## Exercise brief
Exclude all pictures, then copy each of the records exactly as written.

Segment Start: Input records

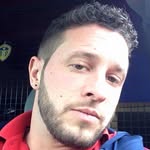 Adam Arling - @leonidas.of.brizzle - Instagram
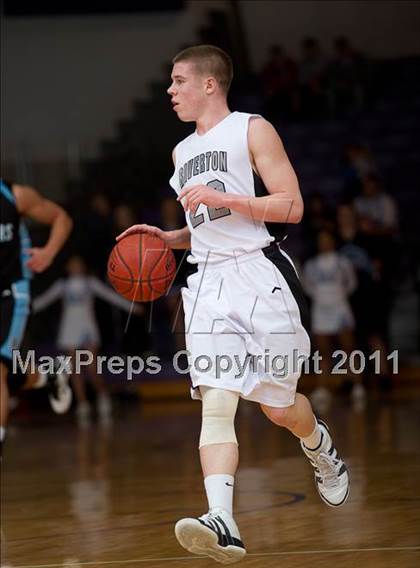 Thumbnail 1 in West Jordan @ Riverton photogallery.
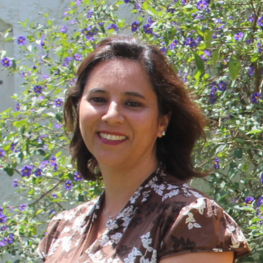 Foto perfil Funcionario NSDC 6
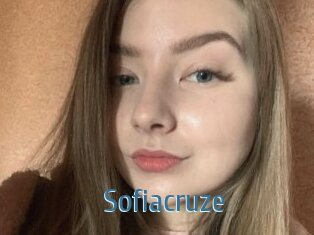 Sofiacruze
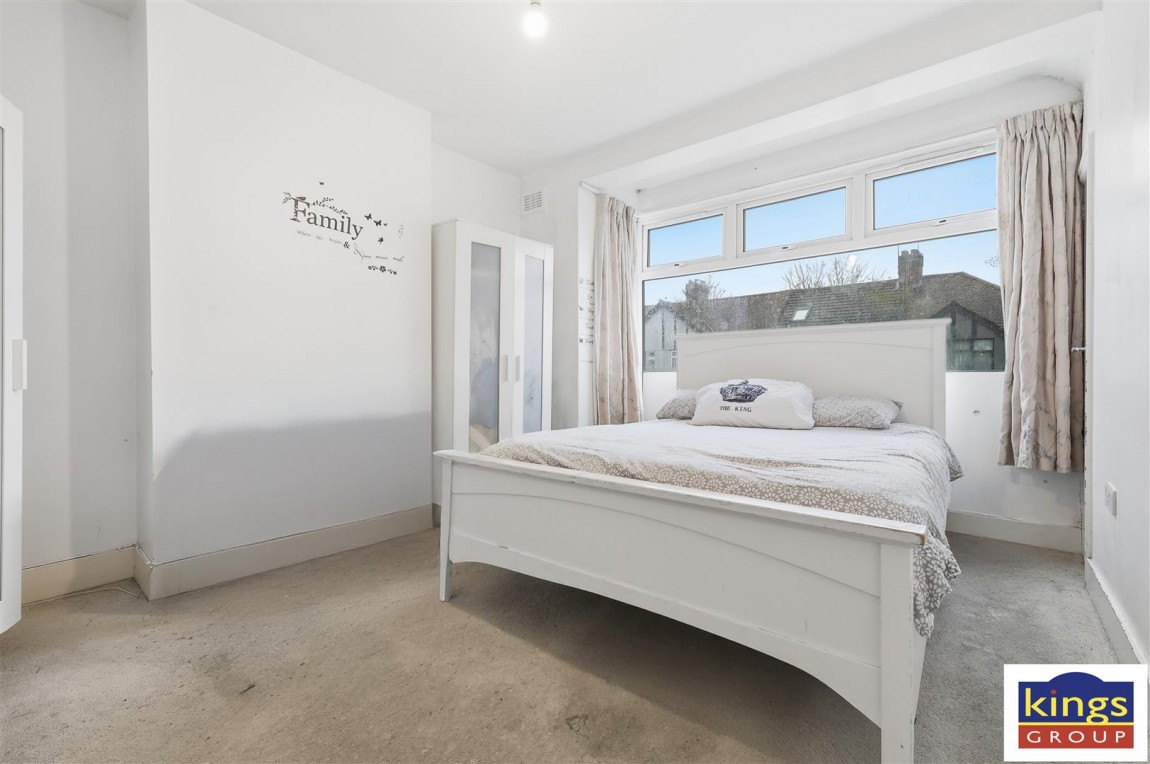 Images for Frederick Crescent, Enfield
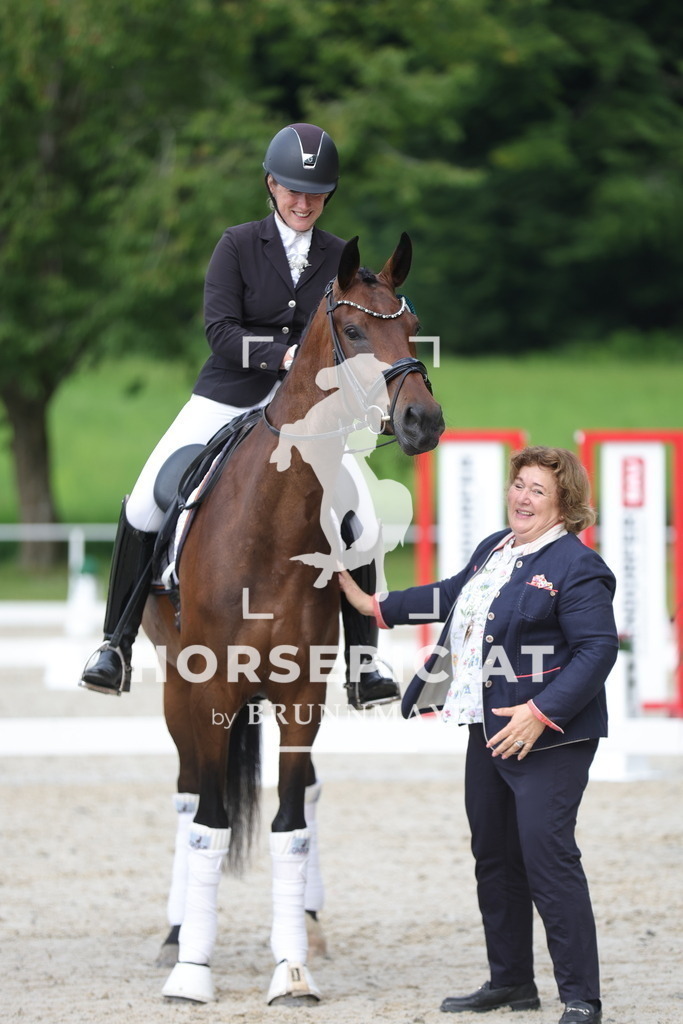 0P6A8924 | Willkommen bei Brunnmayr - Design & Fotografie – Ihrem Spezialisten für Reitturniere und Pferdeveranstaltungen in Oberösterreich, Salzburg und Bayern! Seit über 17 Jahren sind wir leidenschaftlich dabei.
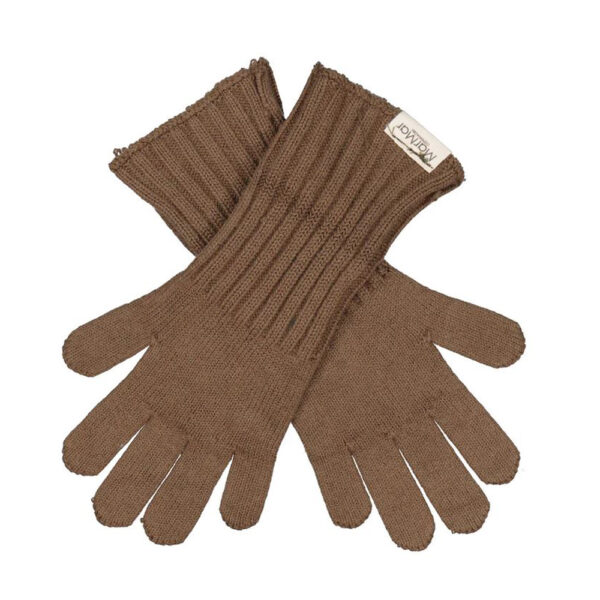 Handschuhe ASKE Wood MarMar Copenhagen Handschuhe ASKE Wood MarMar Copenhagen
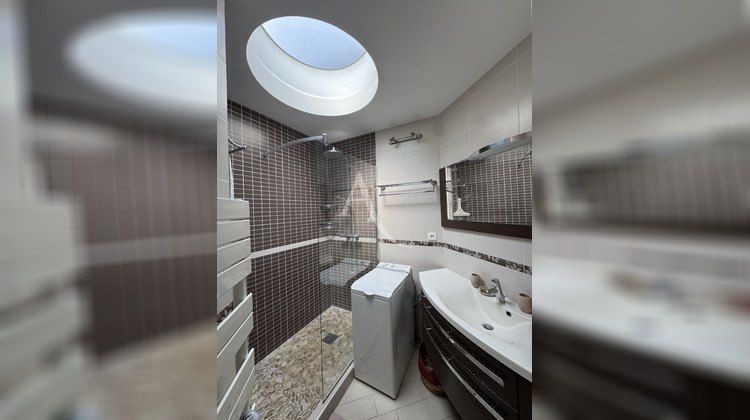 Ma-Cabane - Vente Maison LA GRANDE-MOTTE, 51 m²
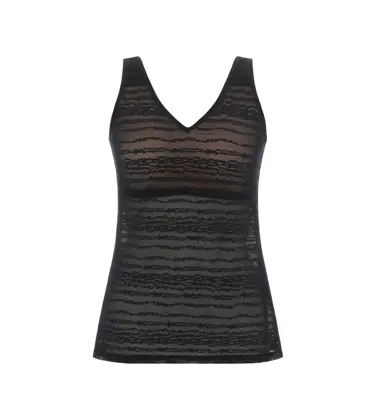 FREE AR Lace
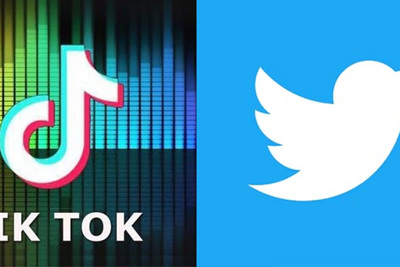 Tin tức công nghệ mới nhất ngày 9/8: Twitter có thể đã thảo luận để mua lại Tiktok
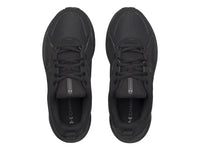 Tenis Under Armour Assert 11 Para Mujer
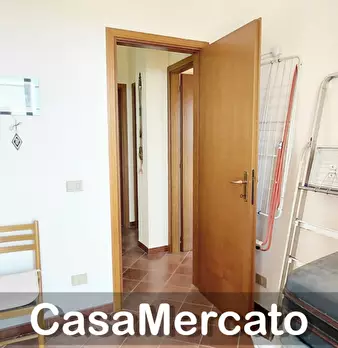Foto annuncio 22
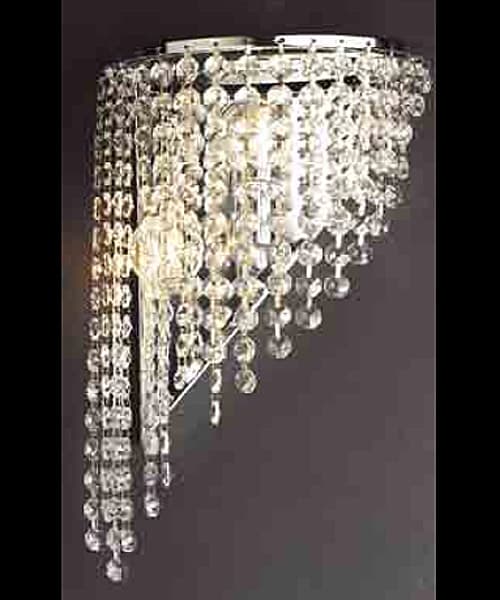 Настенный светильник Arte di Murano 7847/AP2 Arte di Murano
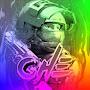 @Sniper_YT1256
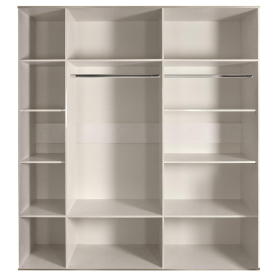 Шкаф Rimini Solo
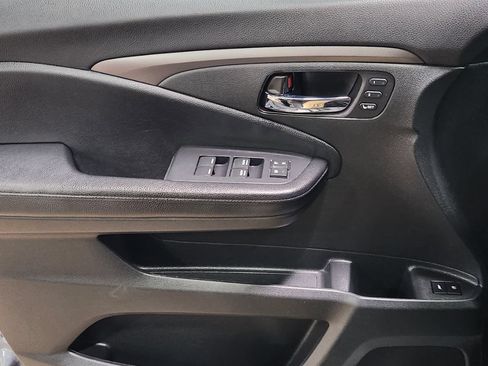 Used 2019 Honda Pilot EX-L image 35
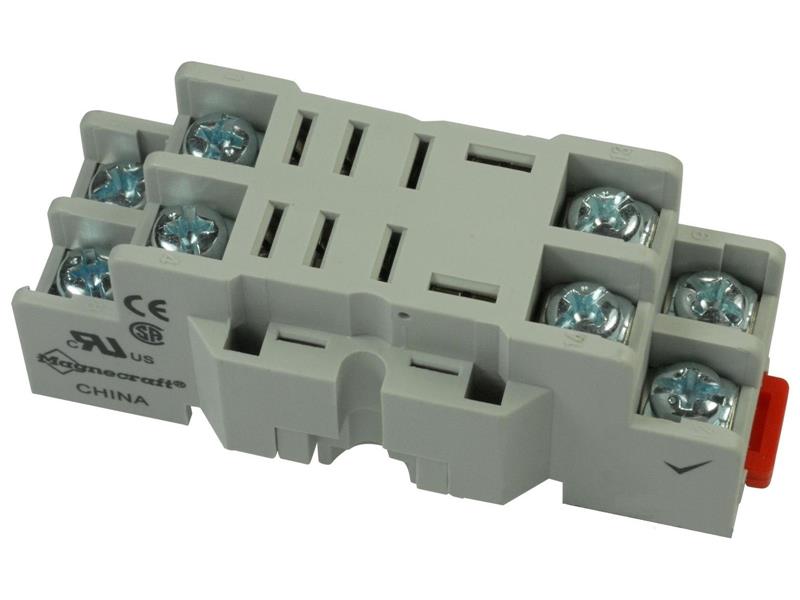 SCHNEIDER ELECTRIC 70-782D-1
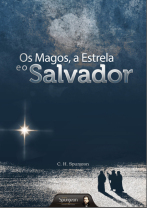 Os-Magos-a-Estrela-e-o-salvador-capa
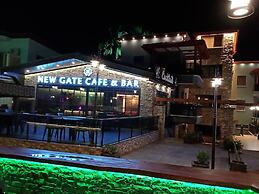 Sarigerme New Gate Hotel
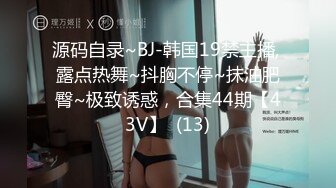 台湾网红女神【魏乔安】私拍福利合集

Segment End: Input records

## Written answer
 Adam Arling - @leonidas.of.brizzle - Instagram
 Thumbnail 1 in West Jordan @ Riverton photogallery.
 Foto perfil Funcionario NSDC 6
 Sofiacruze
 Images for Frederick Crescent, Enfield
 0P6A8924 | Willkommen bei Brunnmayr - Design & Fotografie – Ihrem Spezialisten für Reitturniere und Pferdeveranstaltungen in Oberösterreich, Salzburg und Bayern! Seit über 17 Jahren sind wir leidenschaftlich dabei.
 Handschuhe ASKE Wood MarMar Copenhagen Handschuhe ASKE Wood MarMar Copenhagen
 Ma-Cabane - Vente Maison LA GRANDE-MOTTE, 51 m²
 FREE AR Lace
 Tin tức công nghệ mới nhất ngày 9/8: Twitter có thể đã thảo luận để mua lại Tiktok
 Tenis Under Armour Assert 11 Para Mujer
Foto annuncio 22
 Настенный светильник Arte di Murano 7847/AP2 Arte di Murano
 @Sniper_YT1256
 Шкаф Rimini Solo
 Used 2019 Honda Pilot EX-L image 35
 SCHNEIDER ELECTRIC 70-782D-1
 Os-Magos-a-Estrela-e-o-salvador-capa
 Sarigerme New Gate Hotel
 台湾网红女神【魏乔安】私拍福利合集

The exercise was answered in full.